Your copy should match the entries exactly, except that it holds no pictures.

**Provided material**

-- -- --

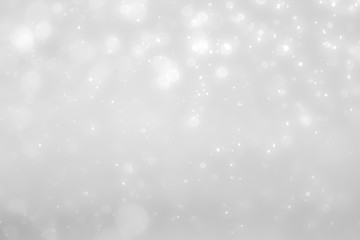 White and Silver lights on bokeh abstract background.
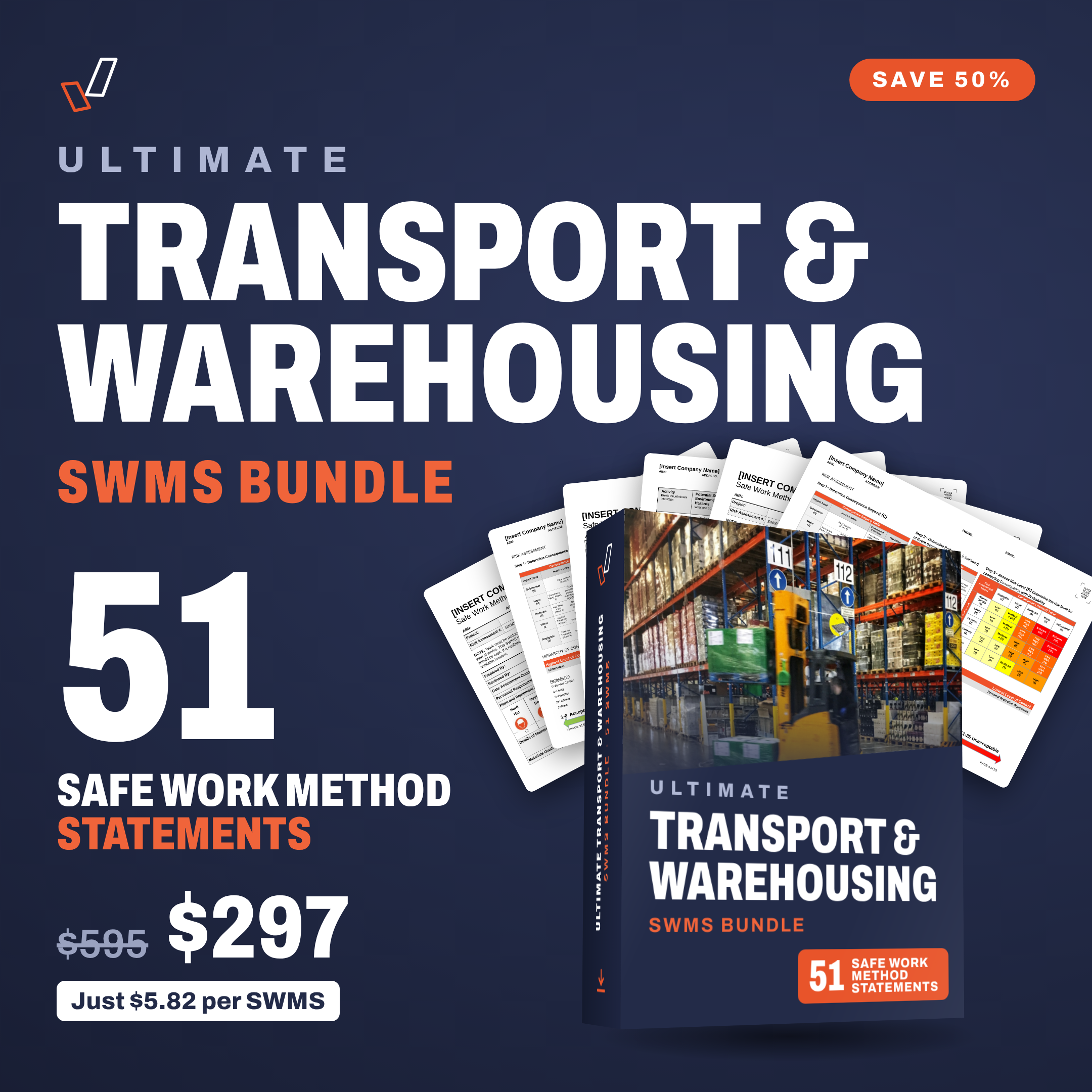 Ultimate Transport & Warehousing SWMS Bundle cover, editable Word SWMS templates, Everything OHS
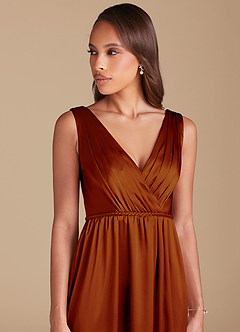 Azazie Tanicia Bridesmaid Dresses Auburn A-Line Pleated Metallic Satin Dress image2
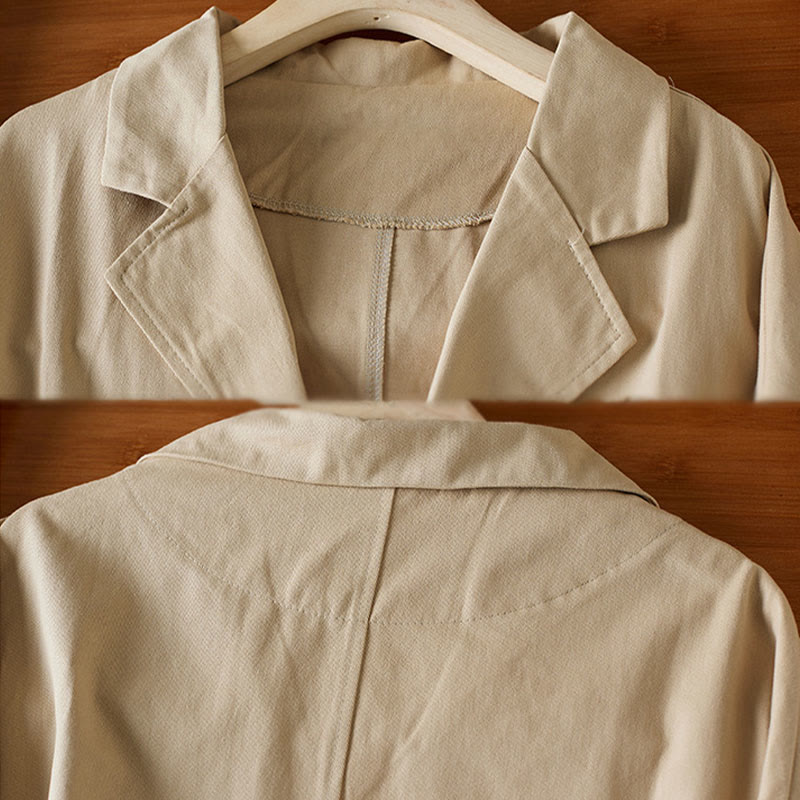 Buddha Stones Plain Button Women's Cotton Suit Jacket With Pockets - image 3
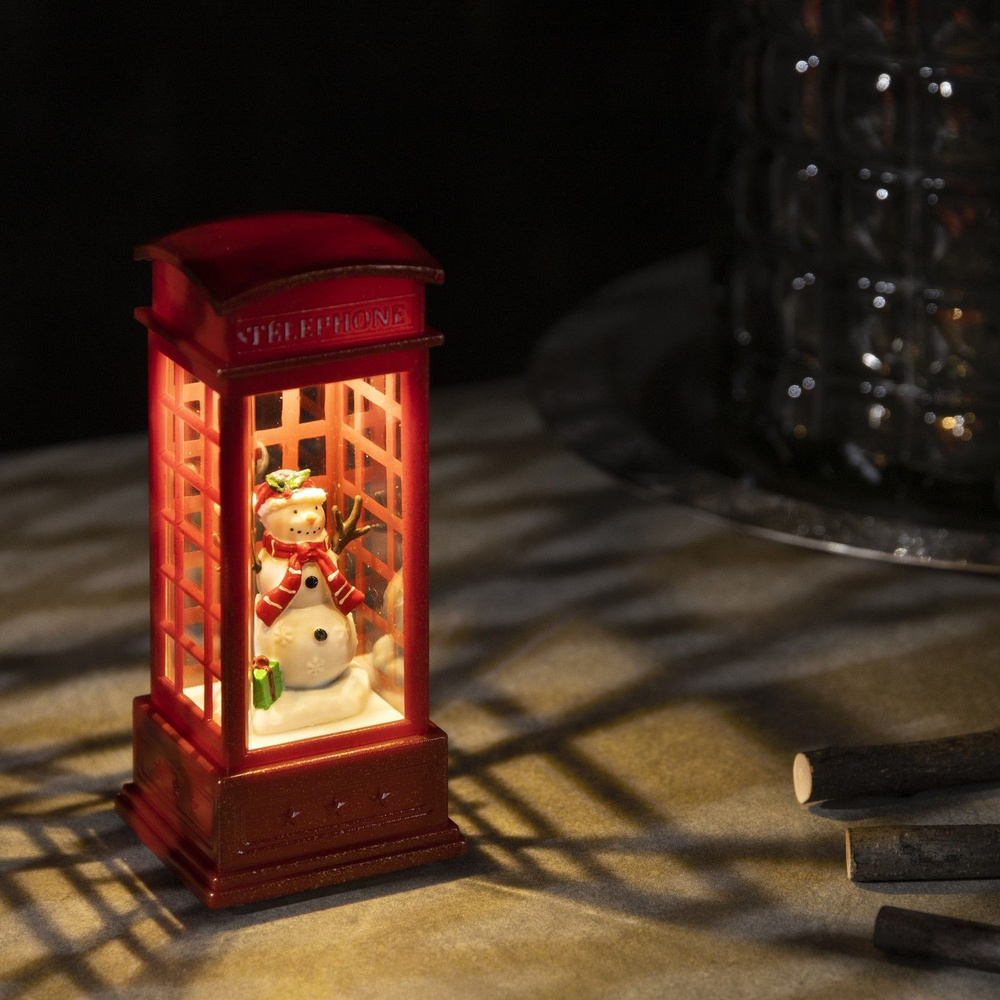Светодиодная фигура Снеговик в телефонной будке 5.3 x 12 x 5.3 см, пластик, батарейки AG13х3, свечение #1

-- -- --

**Task solution**
 White and Silver lights on bokeh abstract background.
 Ultimate Transport & Warehousing SWMS Bundle cover, editable Word SWMS templates, Everything OHS
 Azazie Tanicia Bridesmaid Dresses Auburn A-Line Pleated Metallic Satin Dress image2
 Buddha Stones Plain Button Women's Cotton Suit Jacket With Pockets - image 3
Светодиодная фигура Снеговик в телефонной будке 5.3 x 12 x 5.3 см, пластик, батарейки AG13х3, свечение #1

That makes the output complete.